Task prompt: Extract every entry word for word. Skip the pictures.

*** Opening of Exercise inputs ***

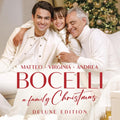 Andrea Bocelli; Matteo Bocelli & Virginia Bocelli - Family Christmas (Deluxe Edition) (CD) (US Import)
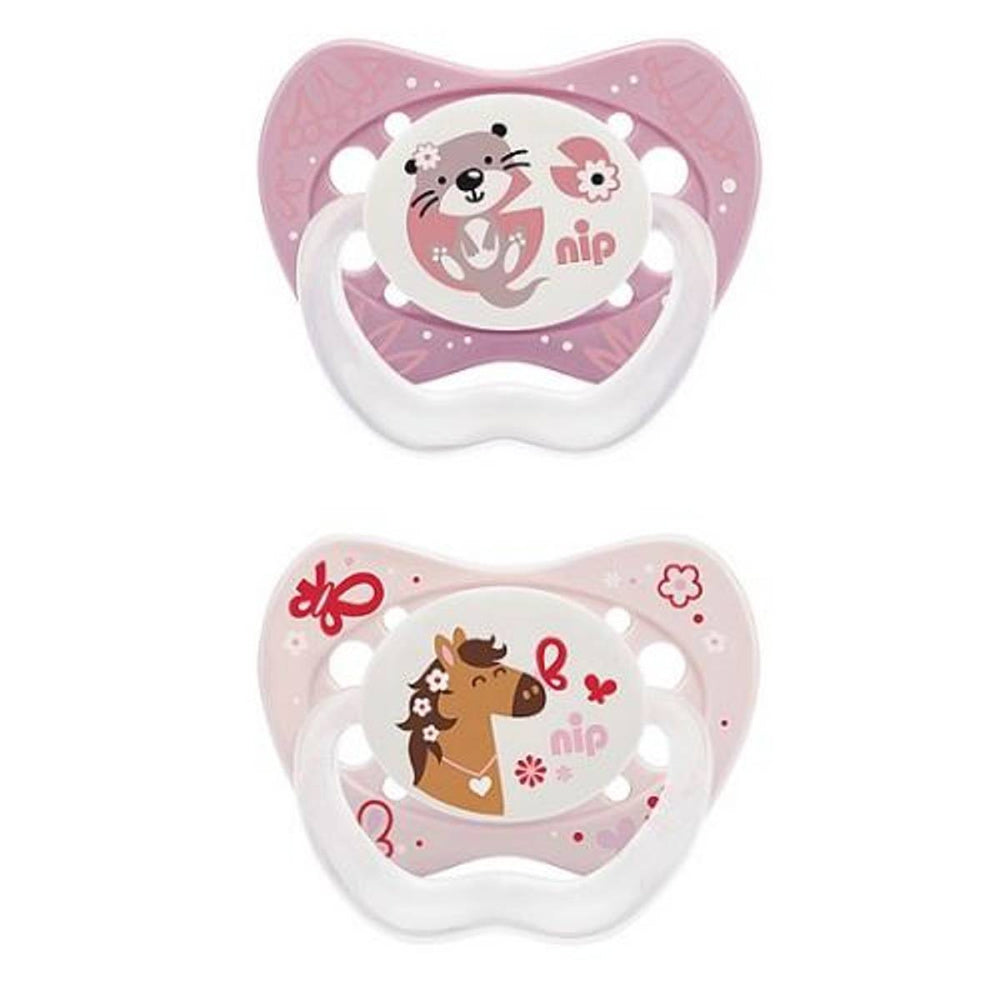 Nip- Smokker Life 2pk 5-18mnd Rosa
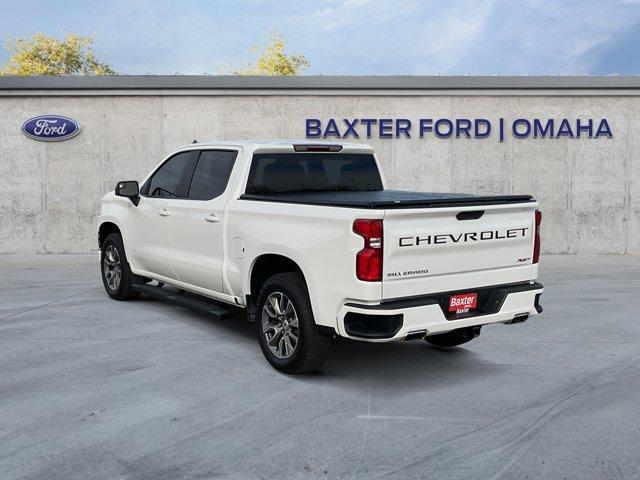 used 2021 Chevrolet Silverado 1500 car, priced at $44,000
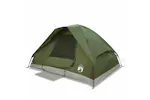 Vidaxl Family Tent Dome 6-person Olive Green Waterproof Vidaxl Family Tent Dome 6-person Olive Green Waterproof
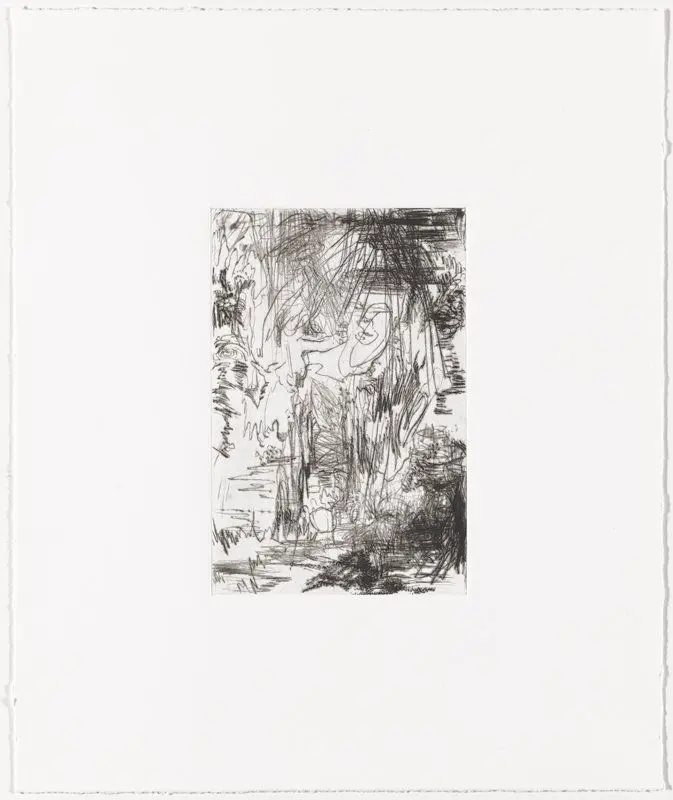 Proof #2 for II from days suite by Jim Hodges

*** Close of Exercise inputs ***

Result for this exercise:
 Andrea Bocelli; Matteo Bocelli & Virginia Bocelli - Family Christmas (Deluxe Edition) (CD) (US Import)
 Nip- Smokker Life 2pk 5-18mnd Rosa
 used 2021 Chevrolet Silverado 1500 car, priced at $44,000
 Vidaxl Family Tent Dome 6-person Olive Green Waterproof Vidaxl Family Tent Dome 6-person Olive Green Waterproof
 Proof #2 for II from days suite by Jim Hodges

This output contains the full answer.